Caption-style text data
────────────────

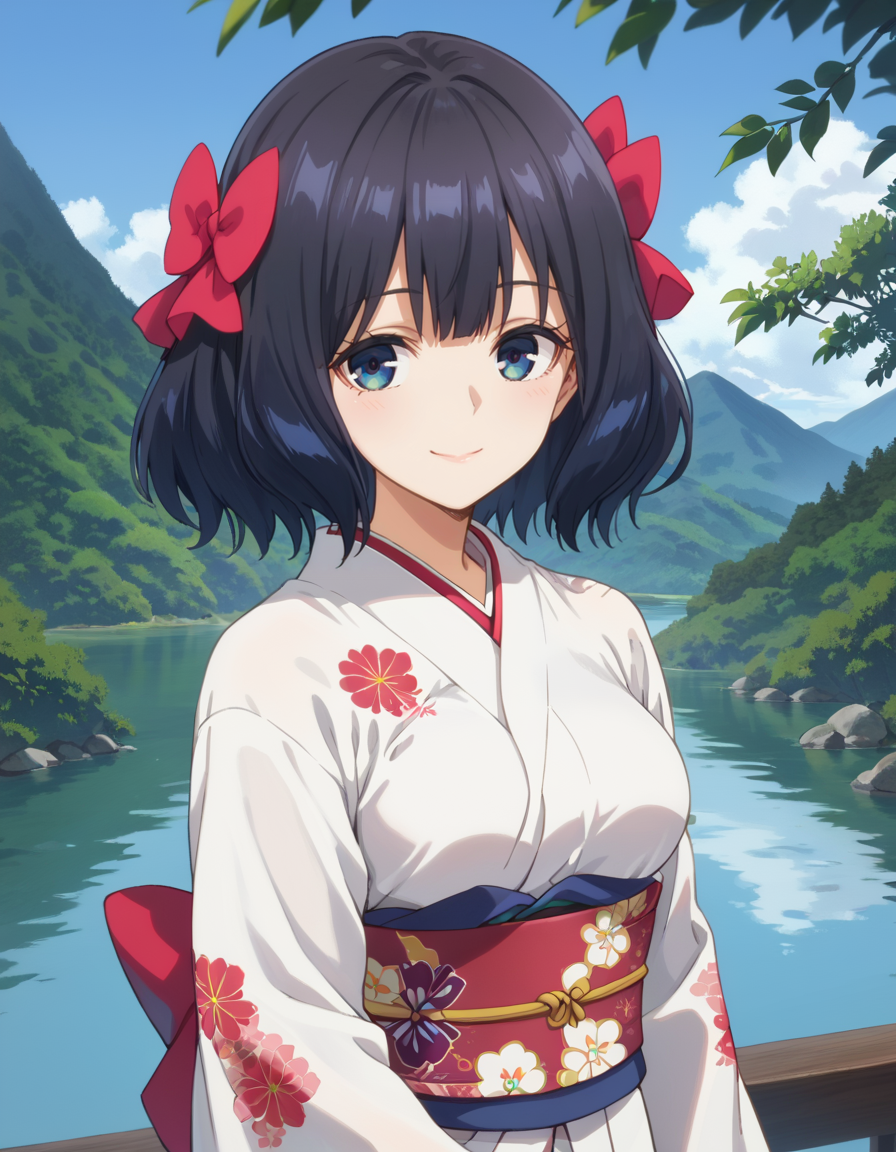 score_9, score_8_up, score_7_up, source_anime, BREAK
1girl, solo, cowboy shot, outdoors, sky, blue sky, light smile, mountain, river, scenery, looking at viewer, 
tino shade, medium hair, black hair, dark blue eyes, upper body, red hair bow,
kimono, white kimono, floral print, long sleeves, obi, medium breasts,
<lora:tino_shade_anime_v2-soralz:1>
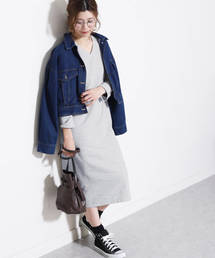 reca | オールシーズンOK!楽ちんおしゃれ ◇Vネックスウェットリラックスロングワンピース【2018 S/S】(ワンピース)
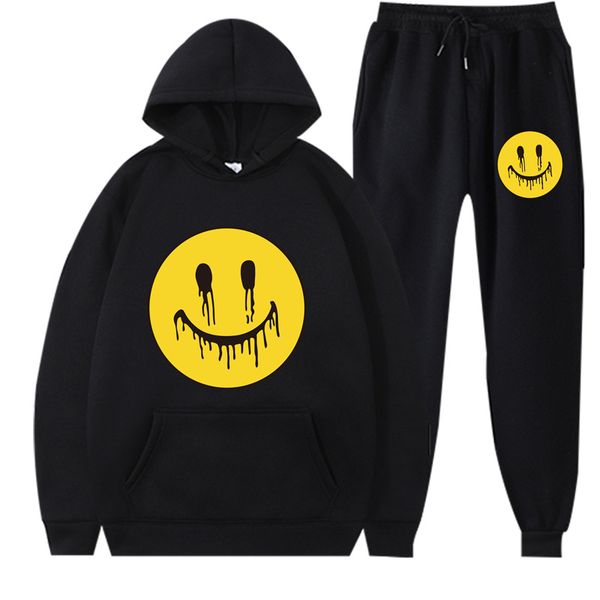 

fashion yellow print smiley face men's women's tracksuits housess sports casual sweater hoodie set pants street fashion sweater si, Gray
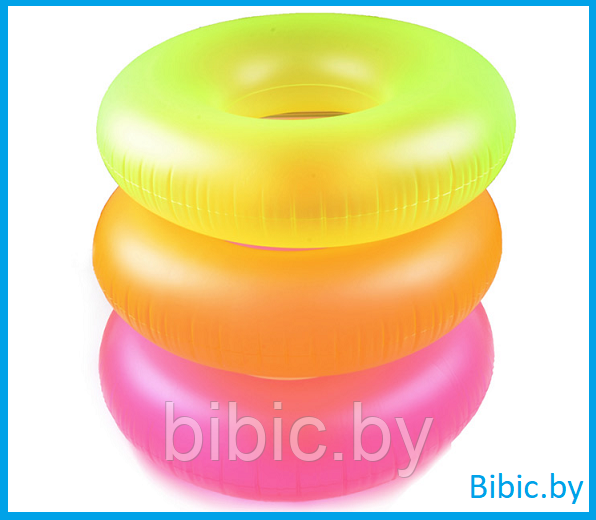 Надувной круг неоновый с перламутровым блеском INTEX, для плавания купания, 3 цвета (91х91см) арт. 59262 - фото 1 - id-p205227277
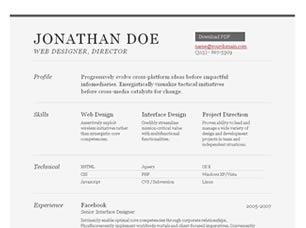 Preview sample resume - FREE HTML CSS JavaScript Template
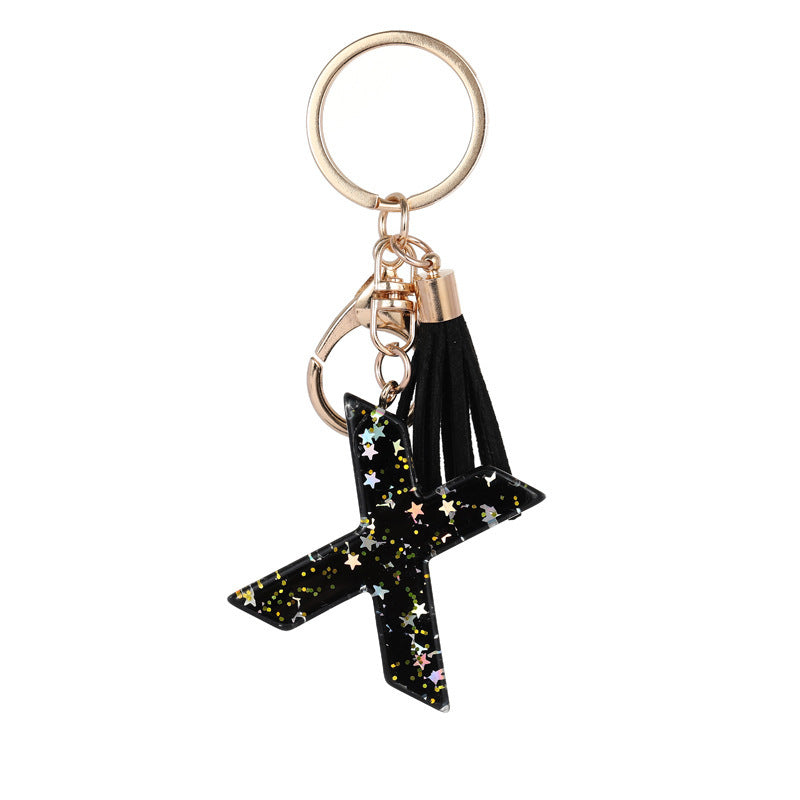 Wholesale  black resin keychain 26 English letter pendant keychain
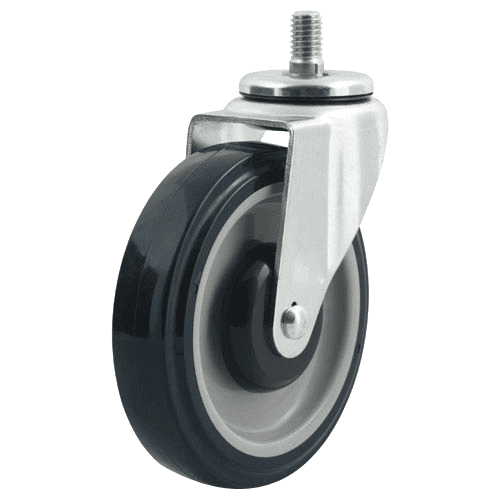 5" Medium Duty Threaded Stem Polyurethane Swivel Caster with Non-Marking Polyurethane Wheels
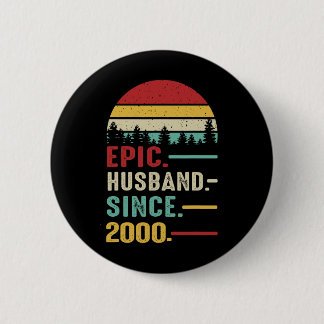 23rd Wedding Anniversary for Him Epic Husband Sinc 6 Cm Round Badge
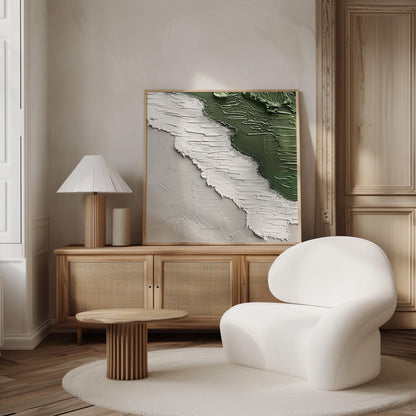 Square Green and Beige Canvas Wall Art Textured Abstract Minimalist Floating Frame Extra Large Wall Art for Living Room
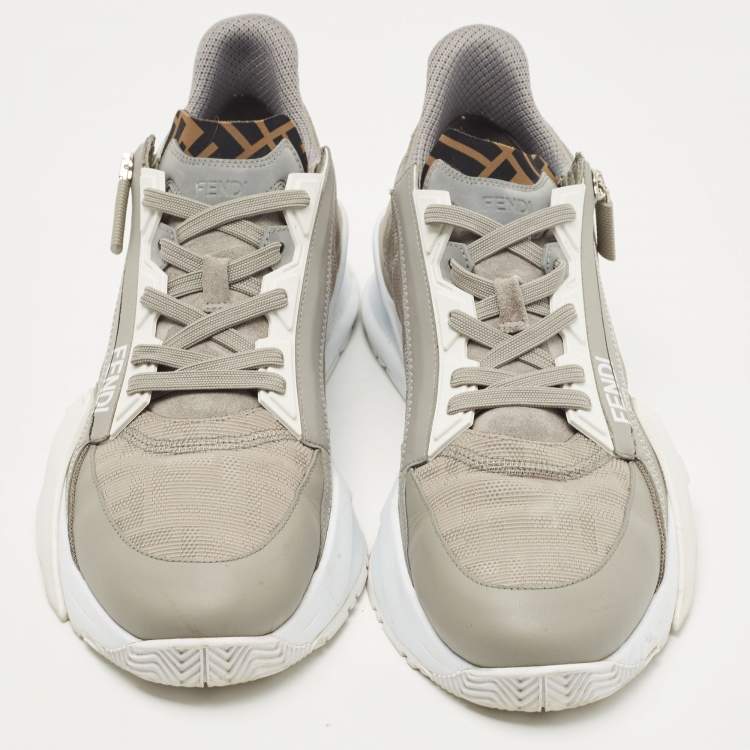 Pre Owned Fendi Grey Leather and Zucca Canvas Flow Sneakers Size 45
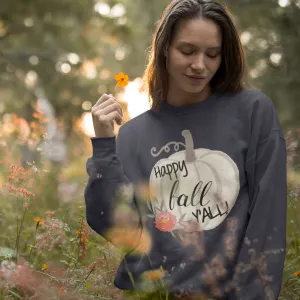Happy Fall Y’all Watercolor Pumpkin Gildan Sweatshirt – Cozy Autumn Style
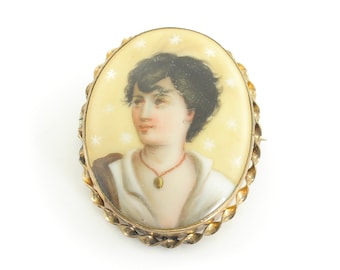 Antique Hand Painted Miniature Portrait Brooch - Young Boy from Naples Lithographed Porcelain China Gold Filled Frame c1890 -Vintage Jewelry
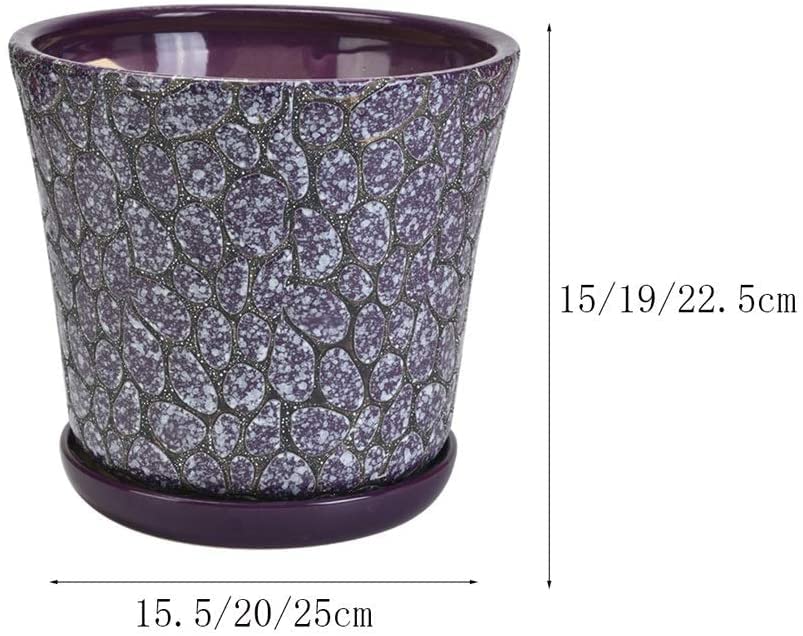 Pot de fleurs en céramique vintage YRYRYW, finition artisanale - 4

────────────────

TASK TO COMPLETE:
Copy each line in the data that holds the word "blue".

RESULT FOR THIS EXERCISE:
1girl, solo, cowboy shot, outdoors, sky, blue sky, light smile, mountain, river, scenery, looking at viewer, 
tino shade, medium hair, black hair, dark blue eyes, upper body, red hair bow,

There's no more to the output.